Thinking that all individuals pursue "selfish" interest is equivalent to assuming that all random variables have zero covariance

Question

I read that: Thinking that all individuals pursue "selfish" interest is equivalent to assuming that all random variables have zero covariance. -- Nero

What does that mean, and what does it have to do with random variables and covariance?

There is an explanation: I read it as saying that people have many interests in common, so pursuing "selfish" interests can also be altruistic to some extent.

Another: That some people do in fact work towards the common good, or conversely, are outright malevolent rather than focused on personal gain

Assuming those are the meanings, I don't see what that has to do with random variables and covariance.

My guess: Given an index I, we list all random variables conceivable: ${X_i}_{i \in I}$.

It is clear that $Cov(X_j, X_k) \ \forall j, k \in I$, if well-defined, may or may not be zero.

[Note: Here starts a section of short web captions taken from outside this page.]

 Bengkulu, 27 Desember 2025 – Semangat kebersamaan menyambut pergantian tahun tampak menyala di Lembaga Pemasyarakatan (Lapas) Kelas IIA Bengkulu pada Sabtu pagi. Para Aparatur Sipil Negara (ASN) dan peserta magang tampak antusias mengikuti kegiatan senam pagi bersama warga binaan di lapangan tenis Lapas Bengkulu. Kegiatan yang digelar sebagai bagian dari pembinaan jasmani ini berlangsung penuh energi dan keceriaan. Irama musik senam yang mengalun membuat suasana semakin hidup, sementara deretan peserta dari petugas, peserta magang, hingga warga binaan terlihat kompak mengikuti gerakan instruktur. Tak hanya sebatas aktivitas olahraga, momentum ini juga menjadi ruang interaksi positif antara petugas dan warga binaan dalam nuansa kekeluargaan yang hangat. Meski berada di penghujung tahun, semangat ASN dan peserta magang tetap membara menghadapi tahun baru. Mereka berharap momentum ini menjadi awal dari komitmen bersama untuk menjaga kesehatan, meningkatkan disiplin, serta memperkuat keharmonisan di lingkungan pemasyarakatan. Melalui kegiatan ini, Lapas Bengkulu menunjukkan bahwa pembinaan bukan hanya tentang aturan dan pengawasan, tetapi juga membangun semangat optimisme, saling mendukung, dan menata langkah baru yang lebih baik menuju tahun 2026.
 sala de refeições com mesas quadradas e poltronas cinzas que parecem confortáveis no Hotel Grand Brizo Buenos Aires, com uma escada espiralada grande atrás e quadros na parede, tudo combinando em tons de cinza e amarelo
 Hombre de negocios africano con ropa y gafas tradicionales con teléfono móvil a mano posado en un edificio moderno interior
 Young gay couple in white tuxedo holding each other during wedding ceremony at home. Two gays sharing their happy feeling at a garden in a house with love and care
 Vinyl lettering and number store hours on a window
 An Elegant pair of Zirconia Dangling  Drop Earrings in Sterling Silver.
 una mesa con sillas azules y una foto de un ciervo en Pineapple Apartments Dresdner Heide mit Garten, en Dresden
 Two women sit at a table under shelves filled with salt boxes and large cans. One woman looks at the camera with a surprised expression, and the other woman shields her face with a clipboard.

Is covariance among two random variables an analogy for common interest among two people?

Answer 1

Taken most literally, the statement says that the claim that people optimize their own well-being without regard for others is equivalent to saying that no random variables ever interact with each other. It seems that the second claim is probably strictly stronger than the first: I can imagine a society in which people optimize strictly for their own well being (for example, a subsistence farming society where families need not interact with other families), but I cannot imagine random variables ever always having zero covariance.

Taken a little more generously - someone making the above claim might be trying to say that the pursuit of one's self interest never benefits or harms someone else. This claim also doesn't seem accurate:

1. There are cases where an individual's self interest hurts someone else, for example, when they are competing for some common thing).
2. There are cases when an individual's self interest benefits someone else, for example when someone is able to specialize in performing some task or providing some product, and trades that product or service to someone else who needs it.

Answer 2

I believe the analogy is meaningful as a critique of the ideal "self" implied in old models of rational self-interest.

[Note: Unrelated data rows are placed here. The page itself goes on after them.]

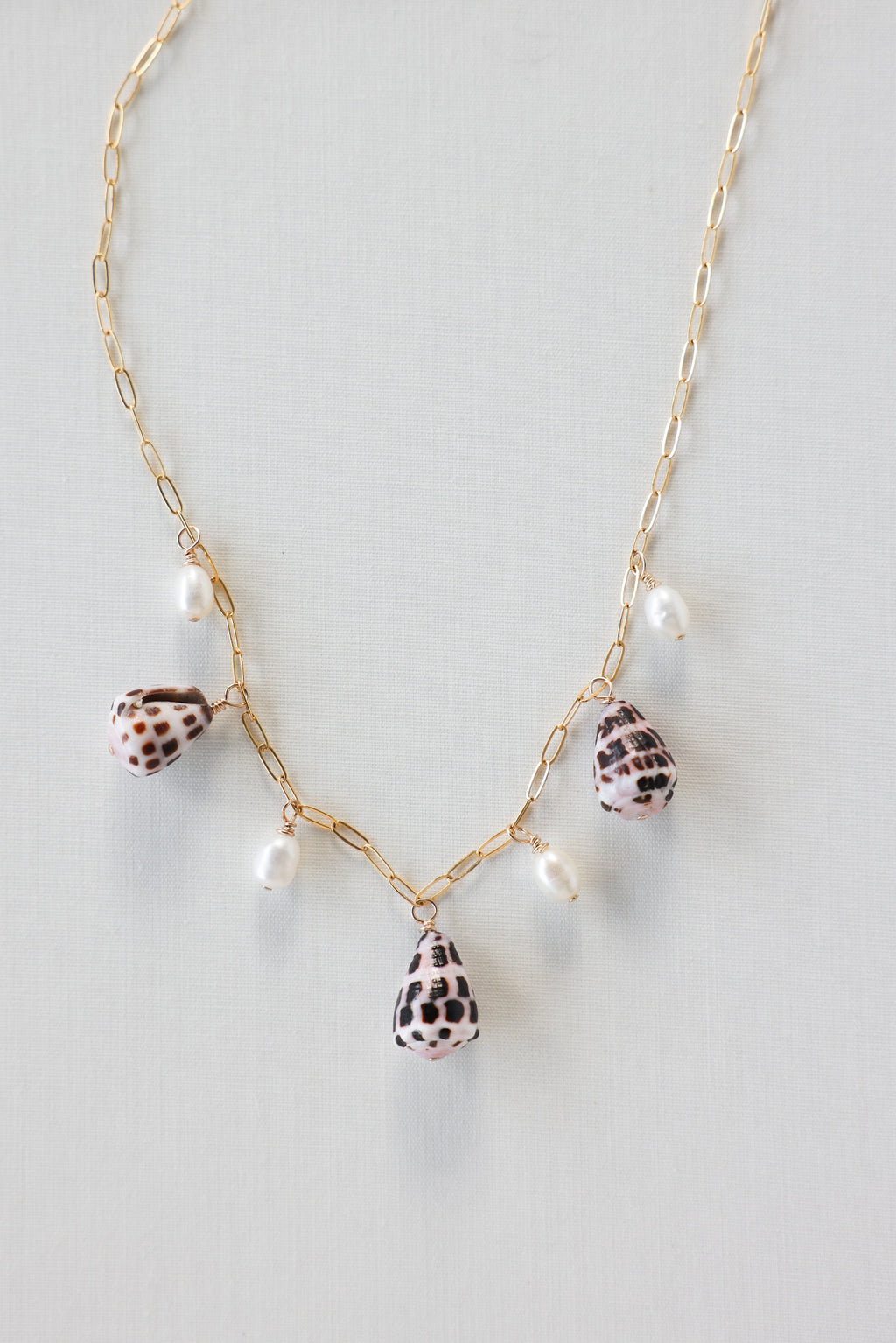 Cone shell charm necklace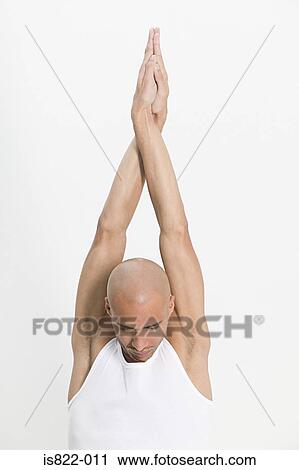 Stock Image - Man stretching. Fotosearch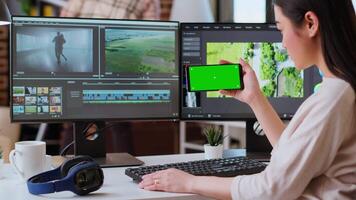 Female editor working on a creative project shoot, using chroma key copy space screen next to color grading software. Home workspace highlights productivity. Camera B. video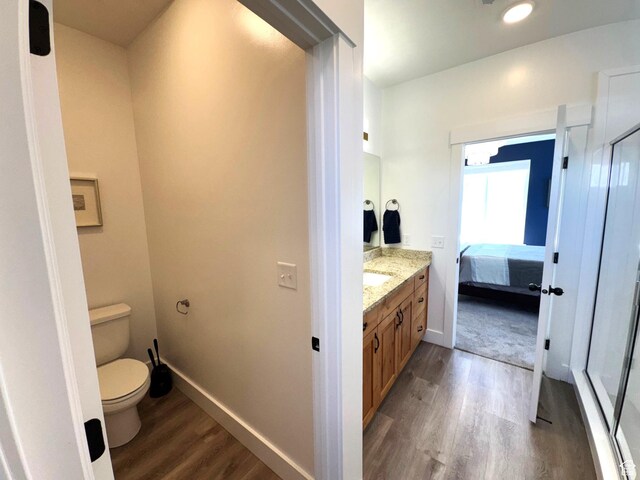 352 W Ropelato Dr, Nibley, UT 84321 - bathroom with wood finished floors, toilet, vanity, and baseboards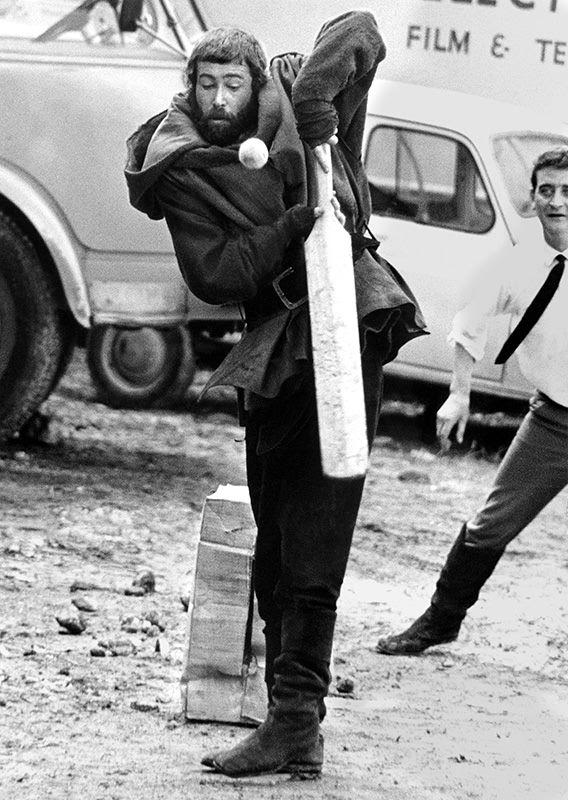 #47 Peter O’Toole dressed for his role as King Henry II, tries his hand at cricket on the French location for “The Lion in Winter 1967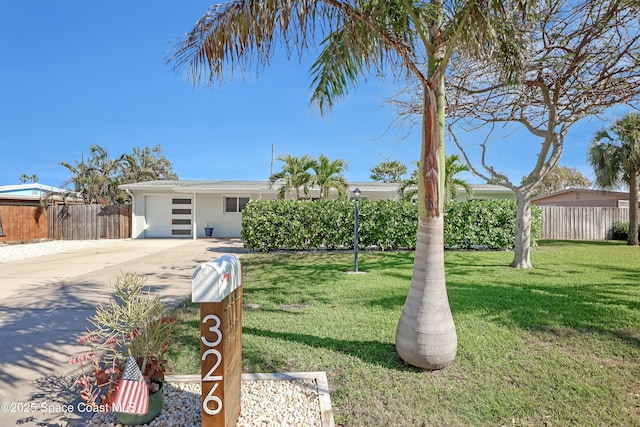 view of front facade featuring driveway, a garage, fence, and a front lawn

Suppose possible "interests" vary randomly within a very large population of selves. To achieve zero correlation among these blind social atoms would still be vanishingly unlikely. Yet this zero correlation is implied in the ideal definition of "selfish."

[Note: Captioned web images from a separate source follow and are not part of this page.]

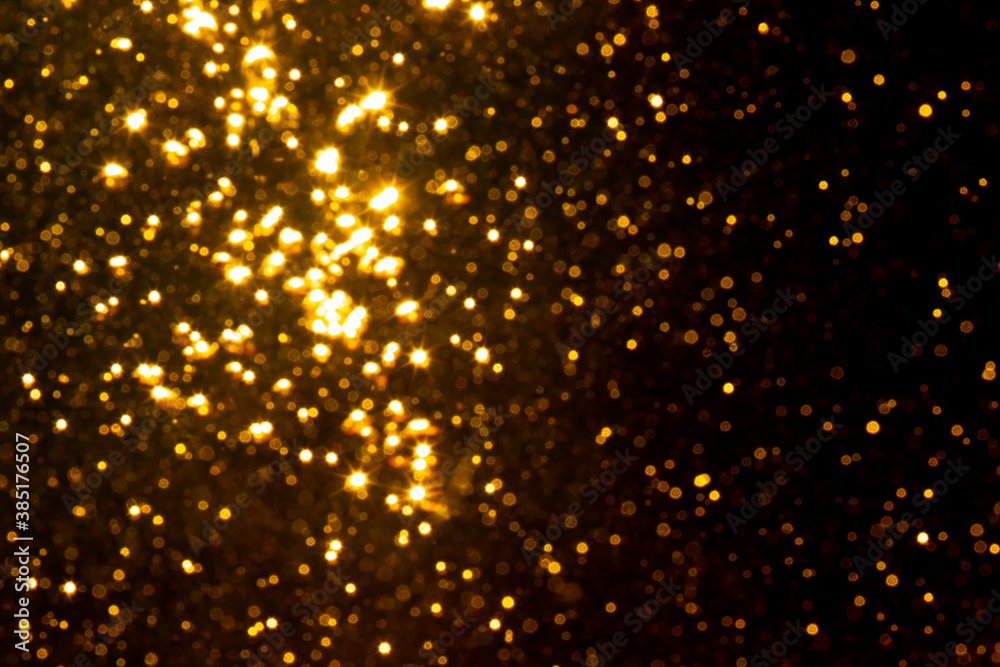 Fototapeta premium Abstract gold bokeh with black background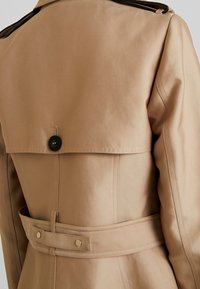 Beżowy płaszcz trencz o prostym designie, z tylnym guzikiem i paskiem w talii. Gładka tekstura, bez widocznych wzorów.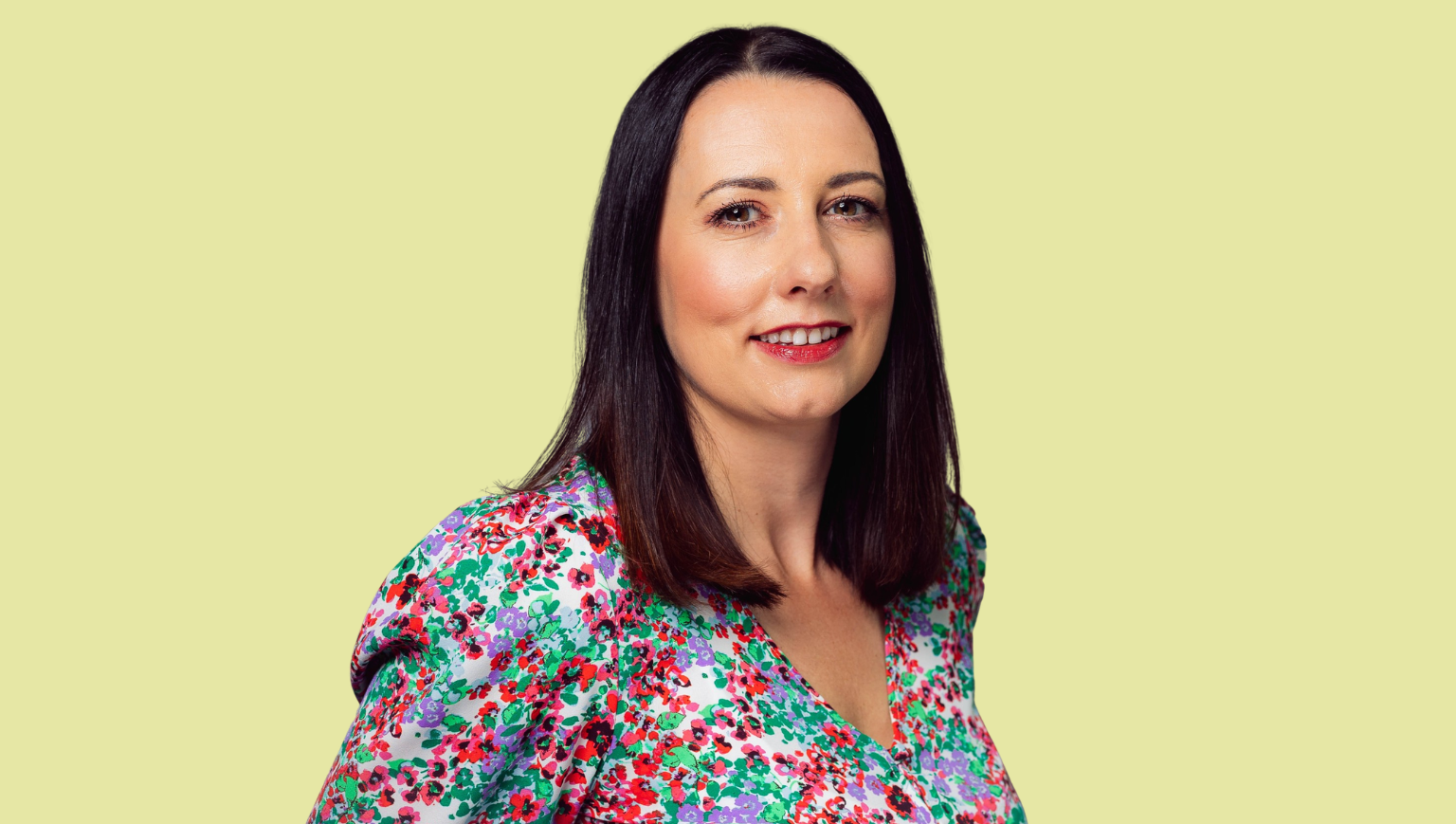 A headshot of Emma Law on a yellow-green background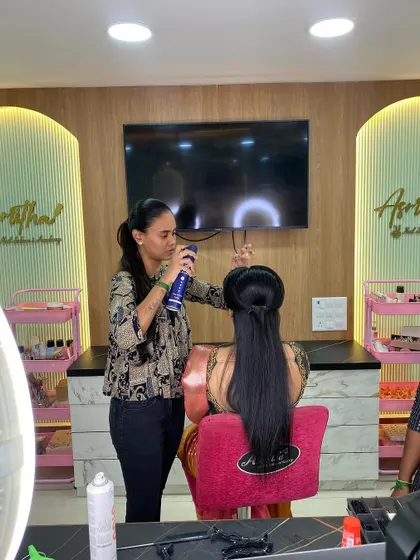 A trainer uses hairspray to set a style, a fundamental technique for ensuring a long-lasting hairdo.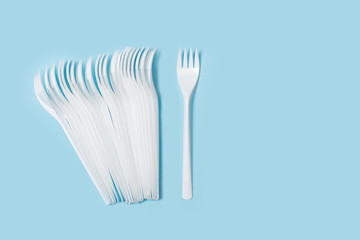Tenedores de plástico blanco desechable sobre fondo celeste liso y aislado. Vista superior. Copy space
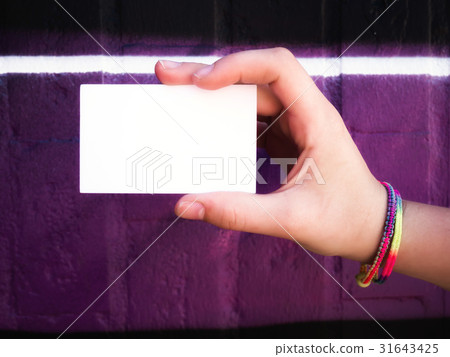 Female hand holding blank white business card. 31643425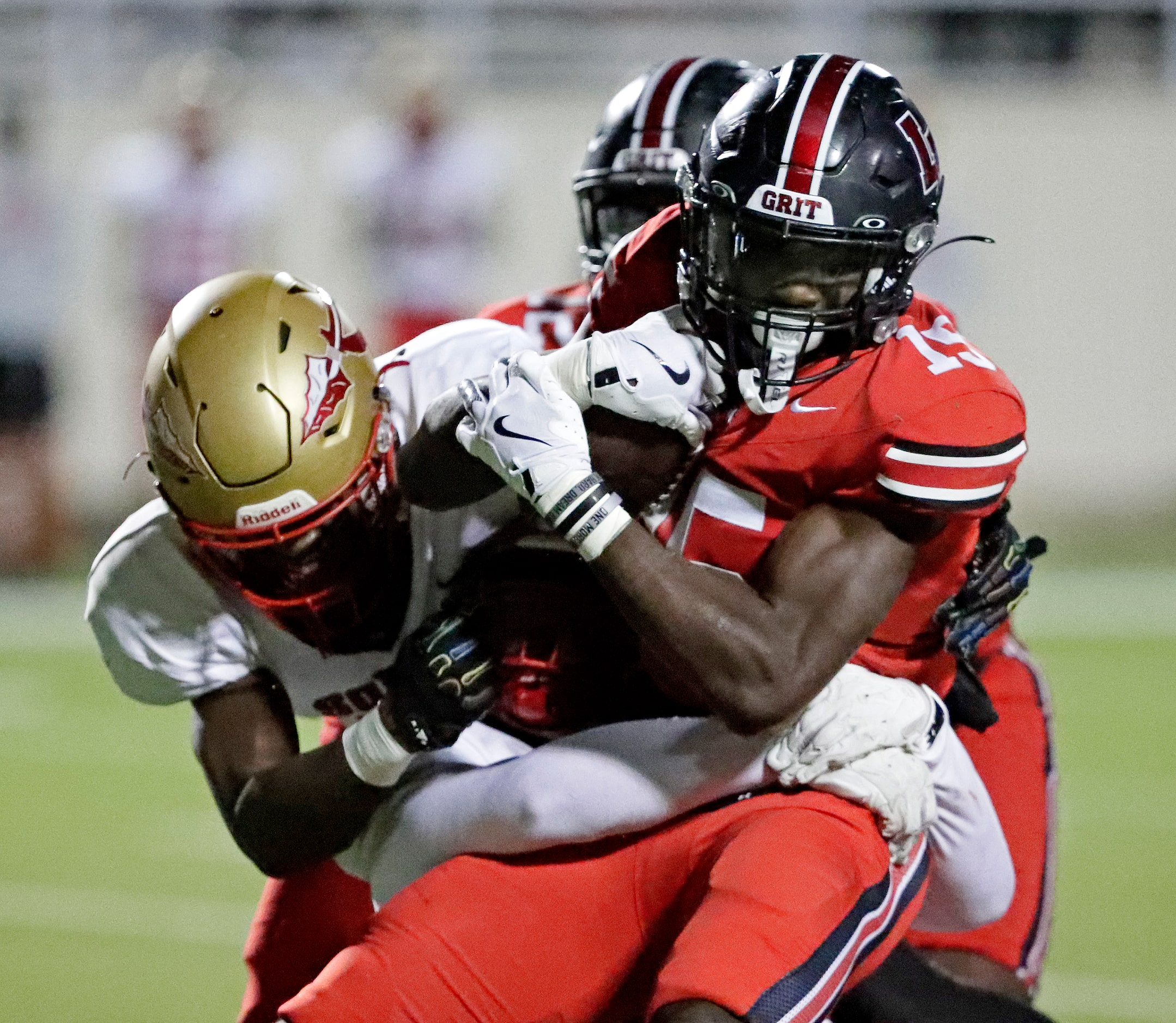 Lake Highlands High School running back Christian Rhodes (15) is tackled by South Grand...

This is why it is impossible to achieve "perfect diversity" in a financial portfolio. Even without considerations of "human nature," an idealized model of "rational self-interest" is incoherent and worse than useless. In reality, of course, what we mean by "self-interest" is already loaded with correlations.

Answer 3

Let $X$ be any non-constant random variable. Then the covariance between $X$ and $2X$ is not zero. Therefore it is false that all random variables have zero covaraince. Therefore the statement

A. Thinking that all individuals pursue "selfish" interest is equivalent to assuming that all random variables have zero covariance.

is equivalent to the statement

B. Thinking that all individuals pursue "selfish" interest is equivalent to assuming something false.

which in turn is equivalent to

C. It is false that all individuals pursue "selfish" interest.

So either 1) The person who said A intended to express statement C (in a very contorted way for some reason) or 2) the person who said A was confused.